His father threw a bull's-eye. Cheers and disbelief erupted around the bar. Another round. And so it went for Paddy Byrne.
Byrne thought about his father's upcoming move. They had the truck scheduled for February 4. This move was the best thing for his father. It was quieter in the Northeast, slower. He knew that this was the beginning of a new life, but he could not shake that other feeling, the distinct and unsettling feeling that it was also the end of something.
39
The Devonshire Acres mental-health facility sat on a gentle slope in a small town in southeastern Pennsylvania. In its glory years, the huge fieldstone and mortar complex had been a spa and convalescent home for wealthy Main Line families. Now it was a state-subsidized long-term warehouse for lower income patients who required constant supervision.

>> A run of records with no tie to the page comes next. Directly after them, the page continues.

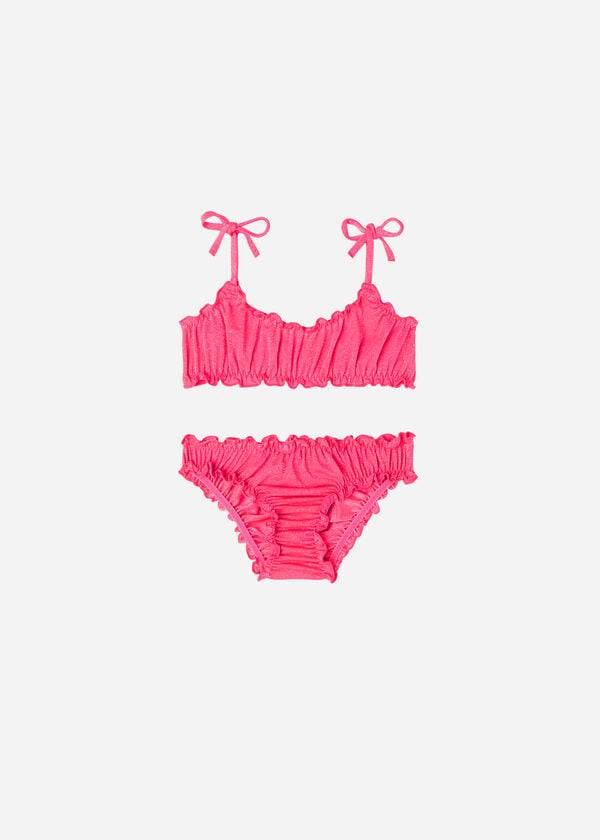 Calzedonia Two Piece Formentera Baddräkter Barn Rosa | SE1134LH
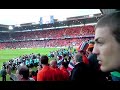 entr�e des joueurs, 2e match du groupe c au stade de suisse � berne, france - pays bas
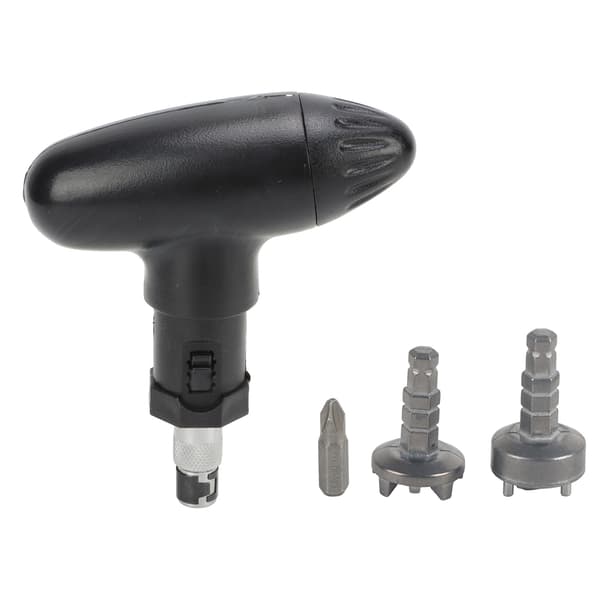 Golfsko Pigfjernerværktøj Skraldenøgle med Bitsæt til Installation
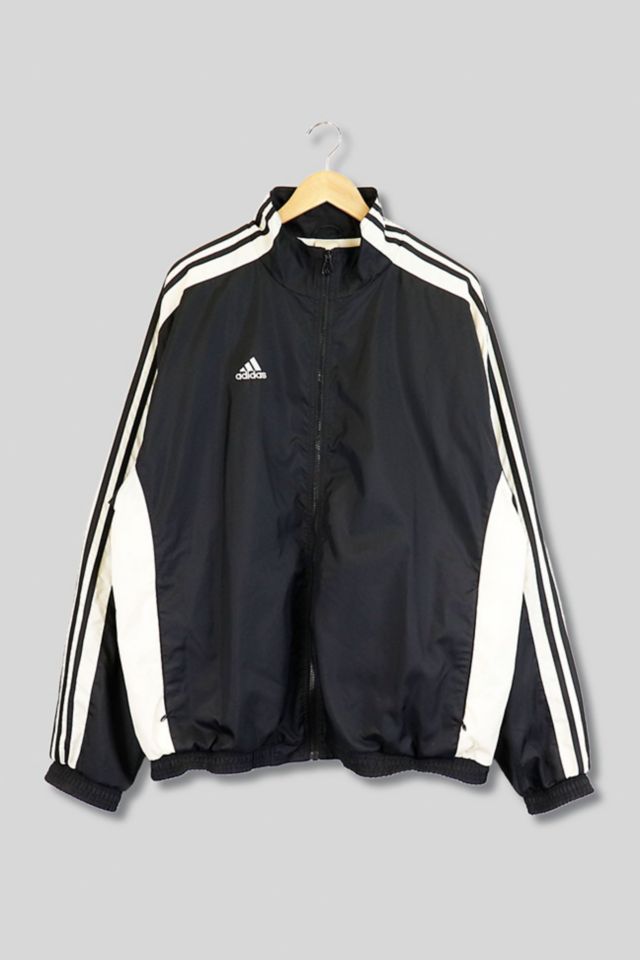 Adidas vintage hot sale windbreaker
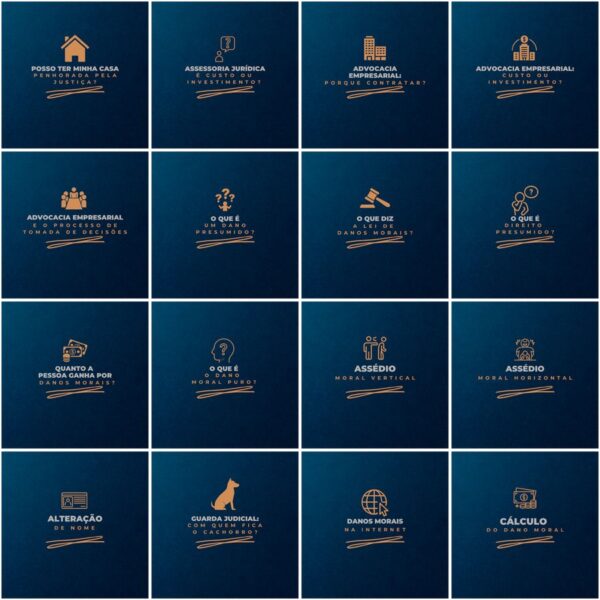 Pack Canva Advogado Advocacia Templates Editaveis 200 Artes Legendas 4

Roland Hannah signed in, declining the escort. He knew his way around. He took the stairs to the second floor one at a time. He was in no hurry. The institutional-green hallways were ornamented with cheerless, time- faded Christmas decorations. Some looked as if they were from the 1940s or 1950s: jolly water-stained Santas, reindeer with their antlers bent and taped and repaired with long-yellowed Scotch tape. One wall held a message misspelled in individual letters made of cotton, construction paper, and silver glitter:
HAPPY HODLIAYS!
Charles no longer came inside the facility.
Roland found her in the common room, near a window overlooking the rear grounds and the forest beyond. It had snowed for two days straight and a layer of white caressed the hills. Roland wondered what it looked like to her, through her young old eyes. He wondered what memories, if any, were triggered by the soft planes of virgin snow. Did she remember her first winter in the north? Did she remember snowflakes on her tongue? Snowmen?
Her skin was papery, fragrant, translucent. Her hair had long ago spent its gold.